The range to repeat runs from the line with "2026 Chevrolet Silverado" to the last line below, both ends included; give it exactly and without pictures.
── Data shown ──
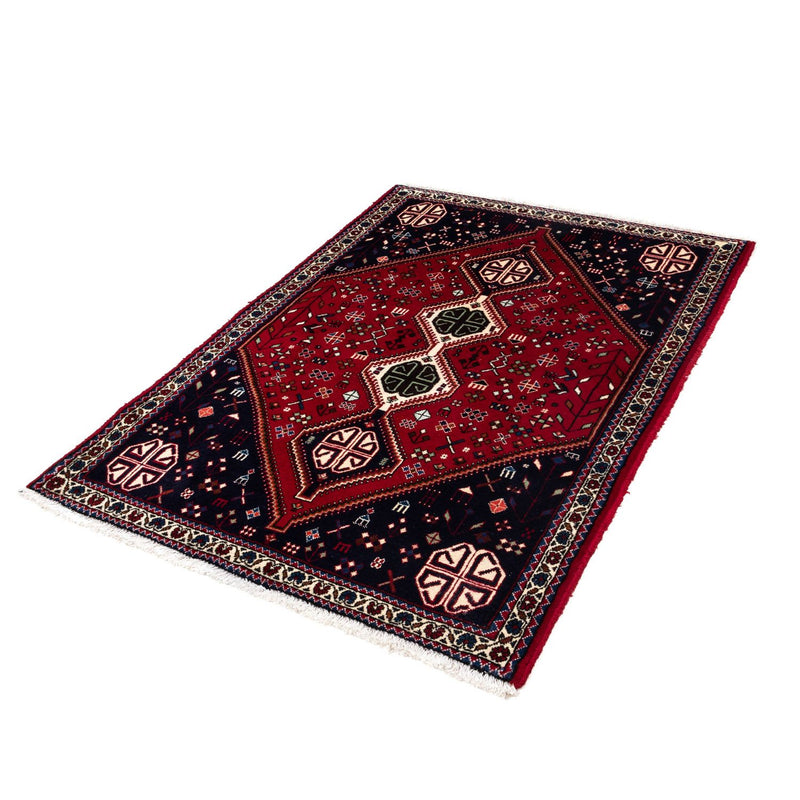 Perserteppich - Nomadic 145 x 100 cm - dunkelrot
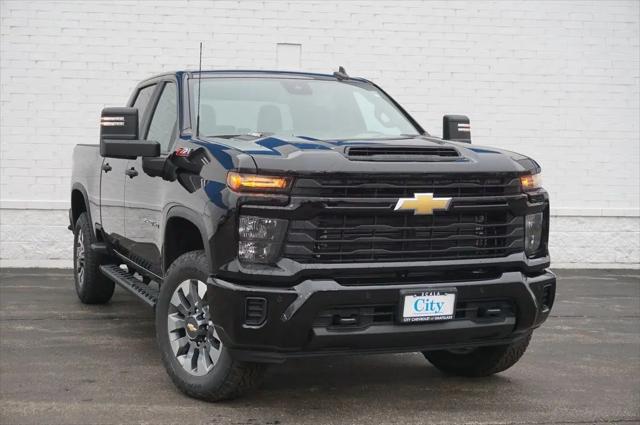2026 Chevrolet Silverado 2500HD Crew Cab, Standard Bed, WT, 4WD
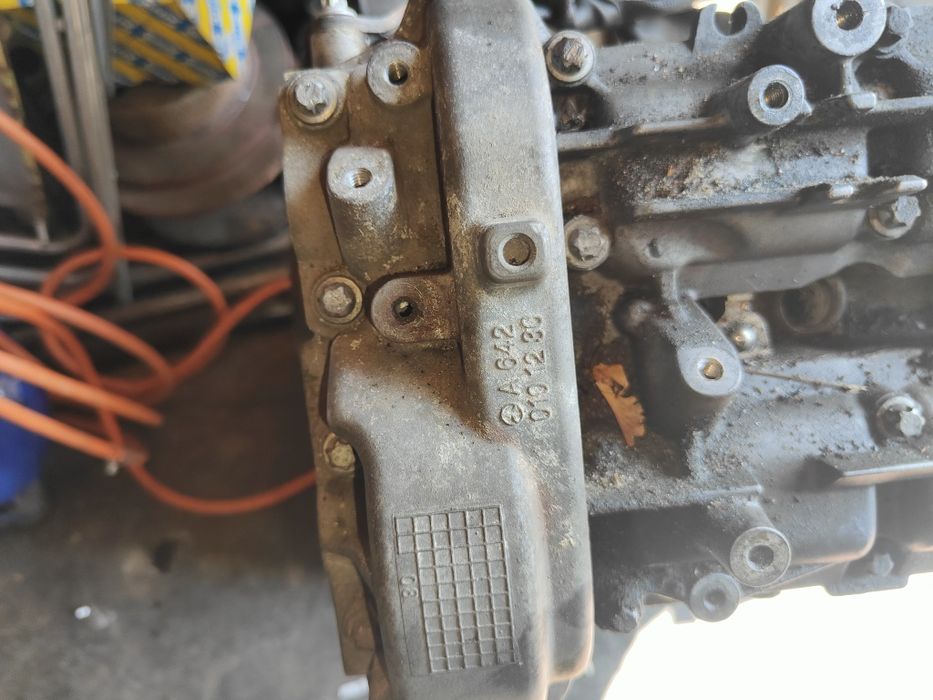 Продам мотор ОМ642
───
→ **Result for this exercise**:
2026 Chevrolet Silverado 2500HD Crew Cab, Standard Bed, WT, 4WD
 Продам мотор ОМ642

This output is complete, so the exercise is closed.